Wednesday 4 May 2011

The children who hate their bodies: How half of six-year-old girls think they're fat and how parents can stop this dangerous obsession | Mail Online

By Tanith Carey
Last updated at 11:24 AM on 26th April 2011

Obsessed: Young girls are growing up with a more negative body image than ever before

Obsessed: Young girls are growing up with a more negative body image than ever before

Yesterday, we revealed how exposure to pornography is poisoning young minds.

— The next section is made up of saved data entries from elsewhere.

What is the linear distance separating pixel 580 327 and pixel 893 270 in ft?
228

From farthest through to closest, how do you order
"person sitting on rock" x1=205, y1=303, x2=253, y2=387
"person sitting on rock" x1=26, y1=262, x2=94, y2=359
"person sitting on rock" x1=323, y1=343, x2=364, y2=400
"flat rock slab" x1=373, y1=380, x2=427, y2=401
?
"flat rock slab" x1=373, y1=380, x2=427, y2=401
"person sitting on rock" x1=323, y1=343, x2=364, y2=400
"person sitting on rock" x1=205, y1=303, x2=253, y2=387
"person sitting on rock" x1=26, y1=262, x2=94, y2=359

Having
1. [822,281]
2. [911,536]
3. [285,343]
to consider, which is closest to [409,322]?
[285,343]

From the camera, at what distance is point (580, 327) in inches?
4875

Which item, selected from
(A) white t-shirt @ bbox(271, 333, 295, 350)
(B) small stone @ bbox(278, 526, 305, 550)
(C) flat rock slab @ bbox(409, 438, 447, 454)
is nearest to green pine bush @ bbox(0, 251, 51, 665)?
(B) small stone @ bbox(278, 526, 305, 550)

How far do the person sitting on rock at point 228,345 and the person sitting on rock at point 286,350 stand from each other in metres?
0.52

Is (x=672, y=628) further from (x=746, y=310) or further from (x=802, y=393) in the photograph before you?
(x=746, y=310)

Now, in the final part of our series on the sexualisation of children, Tanith Carey shows how girls are growing up with a more negative body image than ever before - and gives practical tips on what parents can do to nip it in the bud...

Visit the website of the most coveted label for young girls today and you’ll quickly see how early in their lives our daughters are persuaded they should look sexy as well as stylish.

At Abercrombie & Fitch Kids, the designer store sells ‘cute butt’ leggings, sized to fit girls from the age of ten and over.

Elsewhere on the British High Street, the lines between childhood and adulthood are also being blurred.

At Next, high heels are on sale for tiny children, while three-year-olds are lumped together with 16-year-olds as ‘older girls’ — even though what’s appropriate at the opposite ends of this age range is wildly different.

Try looking for an old-fashioned plain nightdress for an eight-year-old that isn’t covered in love hearts, as I did the other day, and instead you’ll be offered silky boxer shorts matched with a skimpy camisole, emblazoned with the words: ‘I know I’m so cute.’

Little girls are already cute. By giving them lingerie-style sleepwear with this message, or leggings that promise to give them a ‘cute butt’, they’re encouraged to think they’re only valued for showing off parts of their bodies in a certain way.

On top of that, commercial messages from advertising billboards, television commercials and magazines tap in to our girls’ subconscious to create vulnerabilities and tell them they need to be slimmer and prettier.

When I counted all the images of women in advertisements that my daughter Lily saw on a half-hour bus journey home, it added up to more than 20. Almost all were size 6 to 10 - partially dressed or presented in underwear.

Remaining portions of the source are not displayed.